Speaking about the upcoming interview, Patrick Jephson said that he saw echoes of Diana in Harry and Meghan’s situation.

Diana became estranged from the royal family after splitting from Prince Charles, and spoke to Martin Bashir for the BBC’s Panorama programme in 1995.

“Thirty years ago we were in a comparable situation where rifts were opening up within the royal family and it was starting to escalate,” Jephson said in an interview with CNN.

Harry and Meghan Oprah interview live: Latest news and updates

“There were a lot of unhappy people involved then, I’m quite sure there are a lot of unhappy people involved now.”

Jephson said he believed those involved in the rift between Harry and Meghan and the royals were “really hurting”.

“First and foremost, we should understand that this is a family rift,” he said.

“It has taken on a lot of the trappings of a big media PR story, but at the heart of this are real people really hurting and I hope that somewhere in the midst of the current back and forth somebody is putting down the seeds for eventual reconciliation, which has to come.”

Jephson, formerly Diana’s chief of staff, said that tell-all interviews like Harry and Meghan’s can backfire.

“The precedence for royal interviews of this kind are not very encouraging,” he said.

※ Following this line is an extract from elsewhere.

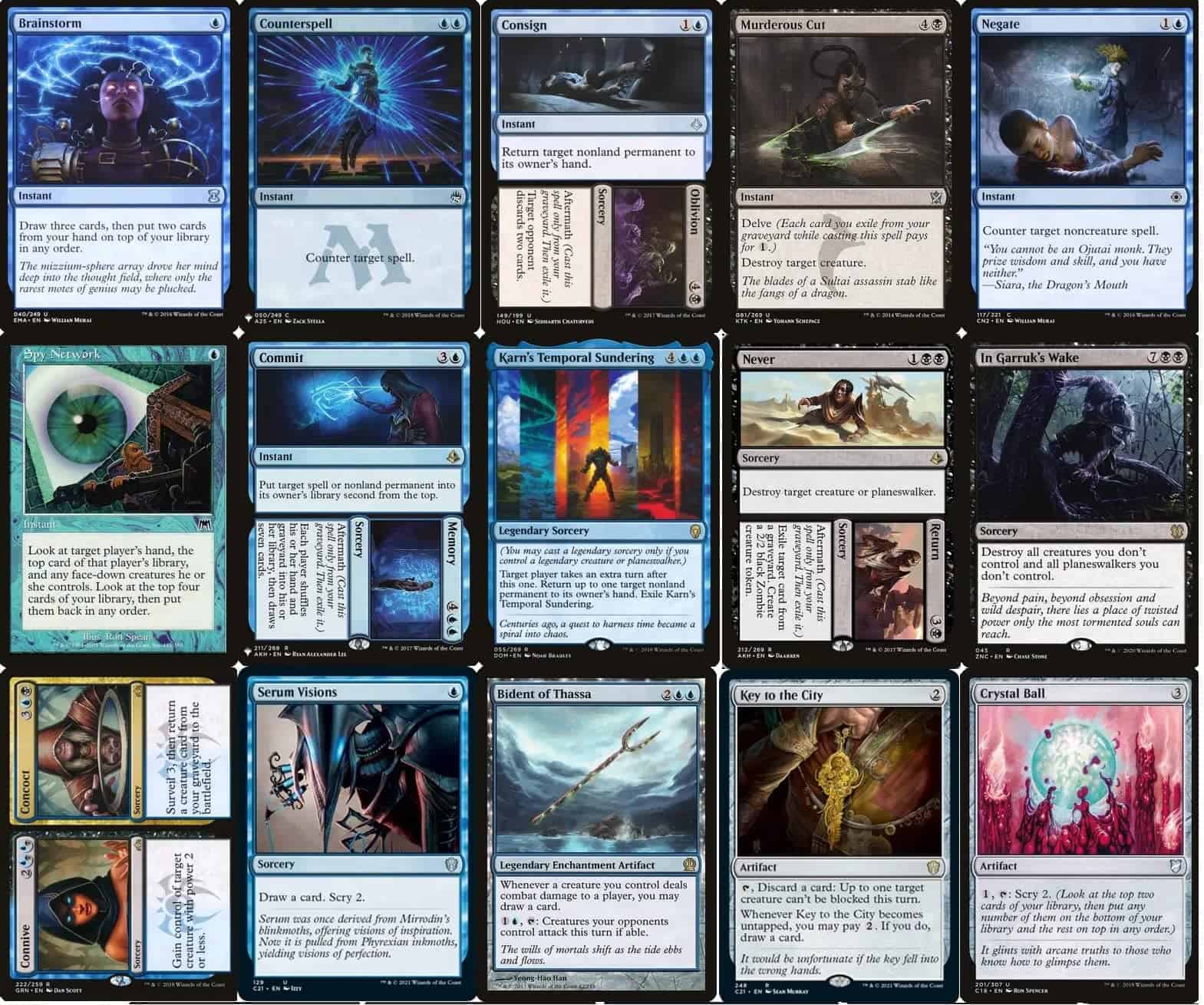 Baraja del Comandante Ninja - Yuriko - Dimir Azul Negro - - Imagen 5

“Both Prince Charles and Princess Diana and more recently Prince Andrew have tried to put their sides of the story on TV through these sorts of interviews and in all cases, it has backfired.”

When it comes to healing relationships in the royal family, Jephson said this is the responsibility of “senior palace management”.

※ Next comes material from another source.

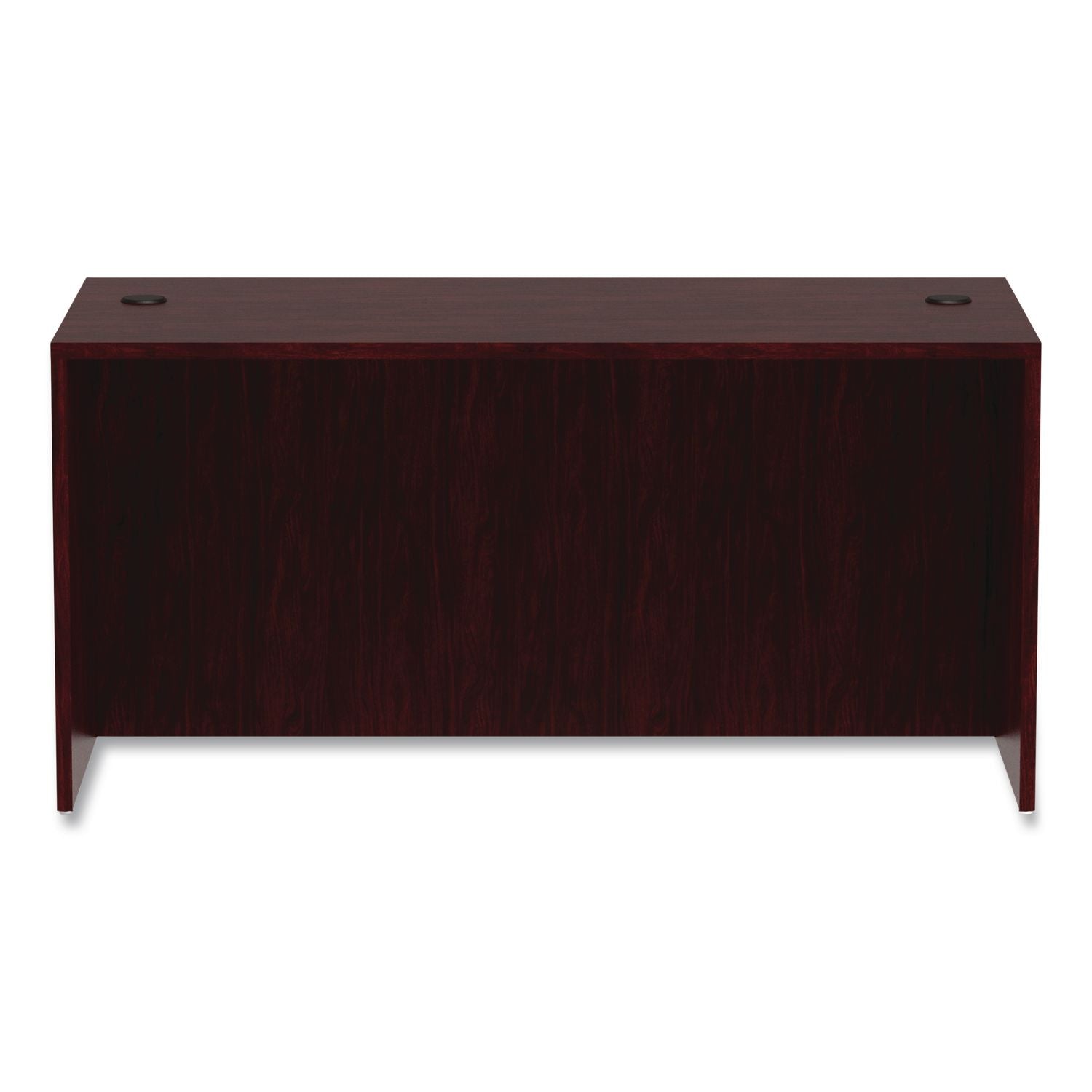 Alera Valencia Series Straight Front Desk Shell, 59.13" x 29.5" x 29.63", Mahogany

“I hope that it will be intervention from all well-intentioned people to help Harry and Meghan settle in their new lives and help heal the wounds that arose through the way they departed,” he said.

Harry and Meghan’s interview with Oprah, which airs on Sunday 7 March in the US and 8 March in the UK, will mark almost a year since the couple stepped back from the royal family on 31 March 2020.